Complete the installation and deployment of the AutoMQ cluster. You can refer to the following methods for installing and deploying AutoMQ:

If deploying the cluster through Deploy Multi-Nodes Cluster on Linux▸ or Deploy Multi-Nodes Cluster on Kubernetes▸, you need to ensure that when starting the Controller, autobalancer.controller.enable is set to true to enable automatic data rebalancing.

Additionally, the host running the test program needs to meet the following conditions:

  • Linux/Mac/Windows Subsystem for Linux

  • Docker

Experience Partition Reassignment Triggered by Cluster Node Changes.

If the previous AutoMQ cluster was deployed by following the guide Deploy Multi-Nodes Test Cluster on Docker▸, the cluster bootstrap address you would have acquired might look like "server1:9092,server2:9092,server3:9092", and the AutoMQ cluster would be in the "automq_net" Docker network.

Please replace the bootstrap-server address below with the actual address of the cluster based on your deployment configuration.

Create Topic


docker run --network automq_net automqinc/automq:1.5.5 /bin/bash -c "/opt/kafka/kafka/bin/kafka-topics.sh --partitions 16 --create --topic self-balancing-topic --bootstrap-server server1:9092,server2:9092,server3:9092"

View Partition Distribution


docker run --network automq_net automqinc/automq:1.5.5 /bin/bash -c "/opt/kafka/kafka/bin/kafka-topics.sh --topic self-balancing-topic --describe --bootstrap-server server1:9092,server2:9092,server3:9092"

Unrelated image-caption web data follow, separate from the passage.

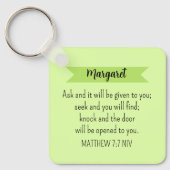 シンプルライムグ頼リーン神バイブル聖句 キーホルダー (正面)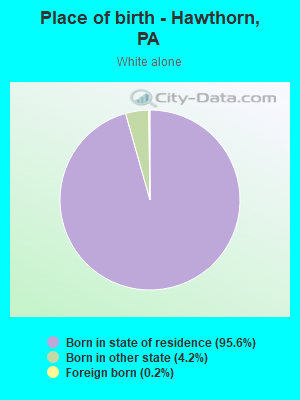 Place of birth - Hawthorn, PA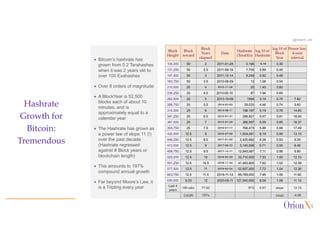 @OrionX_net
ª Bitcoin’s hashrate has
grown from 0.2 Terahashes
when it was 2 years old to
over 100 Exahashes
ª Over 8 orders of magnitude
ª A BlockYear is 52,500
blocks each of about 10
minutes, and is
approximately equal to a
calendar year
ª The Hashrate has grown as
a power law of slope 11 (!)
over the past decade
(Hashrate regressed
against # Block years or
blockchain length)
ª This amounts to 197%
compound annual growth
ª Far beyond Moore’s Law, it
is a Tripling every year
Hashrate
Growth for
Bitcoin:
Tremendous
ª
Block
Height
Block
reward
Block
Years
elapsed
Date
Hashrate
(TeraH/s)
log 10 of
Hashrate
log 10 of
Block
Year
Power law,
4-year
interval
105,000 50 2 2011-01-28 0.166 -0.78 0.30
131,250 50 2.5 2011-06-16 7.705 0.89 0.40
157,500 50 3 2011-12-14 8.249 0.92 0.48
183,750 50 3.5 2012-06-09 12 1.08 0.54
210,000 25 4 2012-11-28 25 1.40 0.60
236,250 25 4.5 2013-05-15 87 1.94 0.65
262,500 25 5 2013-10-09 1564 3.19 0.70 7.82
288,750 25 5.5 2014-03-03 29,033 4.46 0.74 9.60
315,000 25 6 2014-08-11 156,187 5.19 0.78 14.83
341,250 25 6.5 2015-01-31 296,921 5.47 0.81 18.49
367,500 25 7 2015-07-29 386,597 5.59 0.85 19.37
393,750 25 7.5 2016-01-17 766,473 5.88 0.88 17.49
420,000 12.5 8 2016-07-09 1,554,081 6.19 0.90 13.15
446,250 12.5 8.5 2017-01-02 2,420,682 6.38 0.93 9.35
472,500 12.5 9 2017-06-23 5,145,068 6.71 0.95 8.46
498,750 12.5 9.5 2017-12-11 12,845,067 7.11 0.98 9.90
525,000 12.5 10 2018-05-29 33,710,000 7.53 1.00 12.10
551,250 12.5 10.5 2018-11-24 41,483,900 7.62 1.02 12.59
577,500 12.5 11 2019-05-24 52,657,000 7.72 1.04 12.26
603,750 12.5 11.5 2019-11-14 89,789,000 7.95 1.06 11.92
630,000 6.25 12 2020-05-11 121,040,000 8.08 1.08 11.19
Last 4
years
HR ratio 77.62 R^2 0.97 slope 12.16
CAGR 197% intcpt -4.88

Topic: self-balancing-topic TopicId: AjoAB22YRRq7w6MdtZ4hDA PartitionCount: 16 ReplicationFactor: 1 Configs: min.insync.replicas=1,elasticstream.replication.factor=1,segment.bytes=1073741824
Topic: self-balancing-topic Partition: 0 Leader: 2 Replicas: 2 Isr: 2
Topic: self-balancing-topic Partition: 1 Leader: 1 Replicas: 1 Isr: 1
Topic: self-balancing-topic Partition: 2 Leader: 1 Replicas: 1 Isr: 1
Topic: self-balancing-topic Partition: 3 Leader: 2 Replicas: 2 Isr: 2
Topic: self-balancing-topic Partition: 4 Leader: 1 Replicas: 1 Isr: 1
Topic: self-balancing-topic Partition: 5 Leader: 2 Replicas: 2 Isr: 2
Topic: self-balancing-topic Partition: 6 Leader: 1 Replicas: 1 Isr: 1
Topic: self-balancing-topic Partition: 7 Leader: 2 Replicas: 2 Isr: 2
Topic: self-balancing-topic Partition: 8 Leader: 1 Replicas: 1 Isr: 1
Topic: self-balancing-topic Partition: 9 Leader: 2 Replicas: 2 Isr: 2
Topic: self-balancing-topic Partition: 10 Leader: 1 Replicas: 1 Isr: 1
Topic: self-balancing-topic Partition: 11 Leader: 2 Replicas: 2 Isr: 2
Topic: self-balancing-topic Partition: 12 Leader: 2 Replicas: 2 Isr: 2
Topic: self-balancing-topic Partition: 13 Leader: 1 Replicas: 1 Isr: 1
Topic: self-balancing-topic Partition: 14 Leader: 1 Replicas: 1 Isr: 1
Topic: self-balancing-topic Partition: 15 Leader: 2 Replicas: 2 Isr: 2

Launch Producer


docker run --network automq_net automqinc/automq:1.5.5 /bin/bash -c "/opt/kafka/kafka/bin/kafka-producer-perf-test.sh --topic self-balancing-topic --num-records=1024000 --throughput 5120 --record-size 1024 --producer-props bootstrap.servers=server1:9092,server2:9092,server3:9092 linger.ms=100 batch.size=524288 buffer.memory=134217728 max.request.size=67108864"

Start the Consumer


docker run --network automq_net automqinc/automq:1.5.5 /bin/bash -c "/opt/kafka/kafka/bin/kafka-consumer-perf-test.sh --topic self-balancing-topic --show-detailed-stats --timeout 300000 --messages=1024000 --reporting-interval 1000 --bootstrap-server=server1:9092,server2:9092,server3:9092"

Stop the Broker

Stop a server, causing its partitions to be reassigned to other nodes. After stopping, you can observe how producers and consumers recover.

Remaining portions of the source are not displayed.